DOSSIERS
Alle dossiers
Gepubliceerd op donderdag 16 oktober 2025
IEF 23011
Hof Amsterdam ||
30 sep 2025
Hof Amsterdam 30 sep 2025, IEF 23011; ECLI:NL:GHAMS:2025:2542 ([appellanten] tegen [geïntimeerde]), https://ie-forum.nl/artikelen/hof-uitlatingen-zijn-in-bodemprocedure-waarschijnlijk-niet-onrechtmatig

Hof: uitlatingen zijn in bodemprocedure waarschijnlijk niet onrechtmatig

Hof Amsterdam 30 september 2025, IEF 23011; ECLI:NL:GHAMS:2025:2542 ([appellanten] tegen [geïntimeerde]). [appellant 1] en [appellant 2] woonden op een woonboot en verkochten in 2015 de naastgelegen woonboot aan [geïntimeerde]. Na de verkoop ontstonden er spanningen tussen partijen, volgens [geïntimeerde] zelfs pesterijen en getreiter. [geïntimeerde] heeft in een andere procedure een verklaring afgelegd.

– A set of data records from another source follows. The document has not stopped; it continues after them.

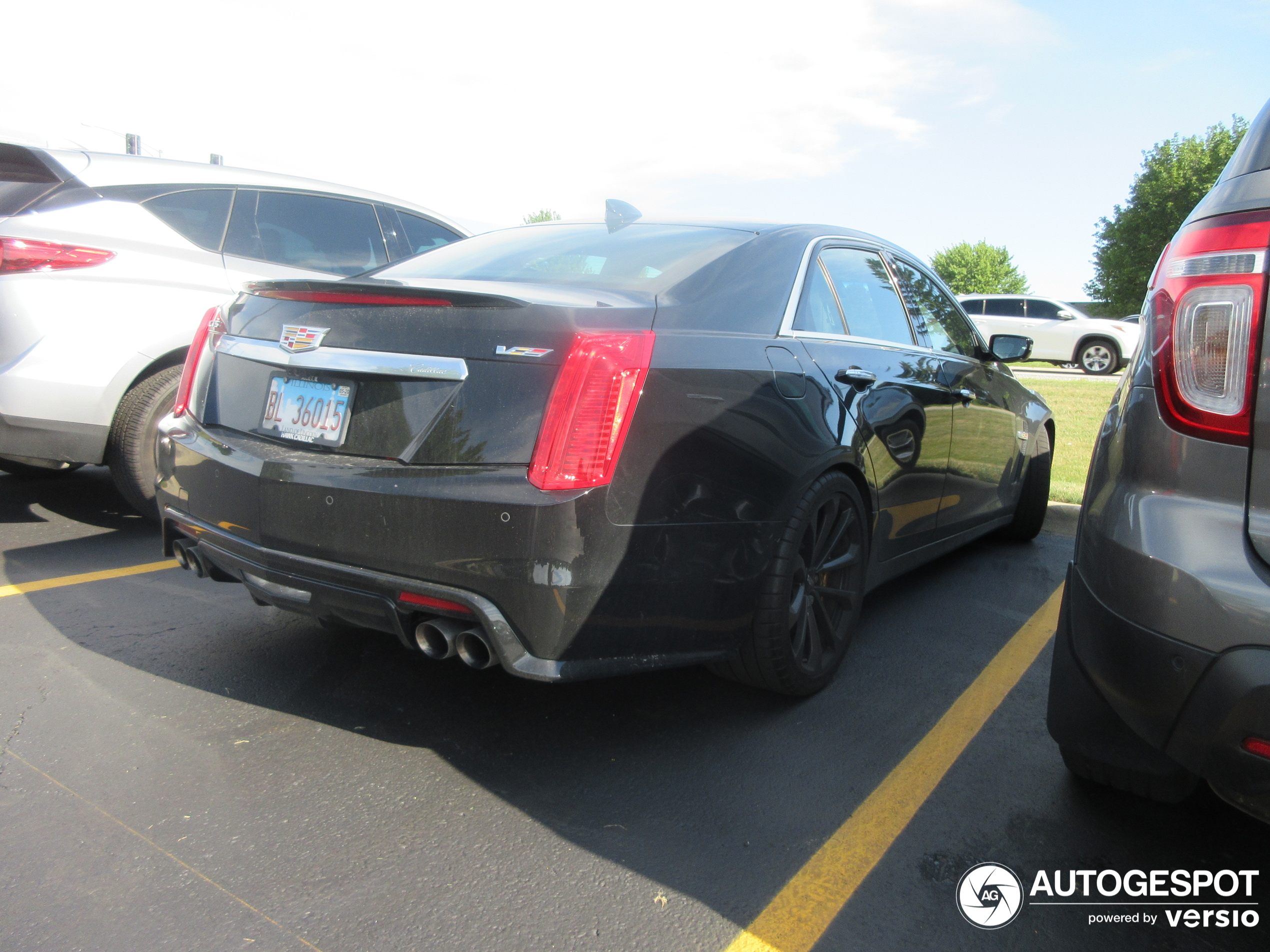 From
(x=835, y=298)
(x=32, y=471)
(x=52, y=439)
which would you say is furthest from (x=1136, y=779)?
(x=32, y=471)

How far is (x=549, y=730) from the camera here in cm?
280

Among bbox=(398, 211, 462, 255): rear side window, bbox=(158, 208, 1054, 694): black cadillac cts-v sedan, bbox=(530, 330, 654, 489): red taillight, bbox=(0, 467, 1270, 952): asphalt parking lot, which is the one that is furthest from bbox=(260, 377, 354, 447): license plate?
bbox=(398, 211, 462, 255): rear side window

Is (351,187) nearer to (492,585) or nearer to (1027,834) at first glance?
(492,585)

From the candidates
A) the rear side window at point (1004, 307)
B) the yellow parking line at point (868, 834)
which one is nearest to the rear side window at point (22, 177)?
the yellow parking line at point (868, 834)

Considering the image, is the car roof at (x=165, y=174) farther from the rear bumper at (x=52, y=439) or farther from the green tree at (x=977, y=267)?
the green tree at (x=977, y=267)

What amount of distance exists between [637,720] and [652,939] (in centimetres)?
101

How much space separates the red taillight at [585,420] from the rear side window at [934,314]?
6.90 ft

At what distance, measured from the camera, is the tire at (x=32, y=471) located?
18.1 feet

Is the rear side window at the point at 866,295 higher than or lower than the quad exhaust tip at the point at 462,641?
higher

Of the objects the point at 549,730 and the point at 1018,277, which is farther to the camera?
the point at 1018,277

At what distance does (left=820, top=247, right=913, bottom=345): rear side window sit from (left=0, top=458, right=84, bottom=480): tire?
441 centimetres

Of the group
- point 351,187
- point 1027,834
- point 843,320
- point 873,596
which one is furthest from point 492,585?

Hierin staat onder andere dat het voor [geïntimeerde], "een regelrechte ramp" was om naast [appellanten] te wonen. [appellanten] spanden daarop een kort geding aan en eisten rectificatie van de verklaringen van [geïntimeerde], op straffe van een dwangsom. De voorzieningenrechter wees deze vordering af, omdat niet aannemelijk was dat een bodemrechter de uitlatingen als onrechtmatig zou aanmerken. [appellanten] hebben in hoger beroep zeven grieven aangevoerd die erop neerkomen dat de voorzieningenrechter een onjuist toetsingskader heeft gehanteerd of onjuist heeft getoetst bij de vraag of de uitlatingen van [geïntimeerde] onrechtmatig zijn.  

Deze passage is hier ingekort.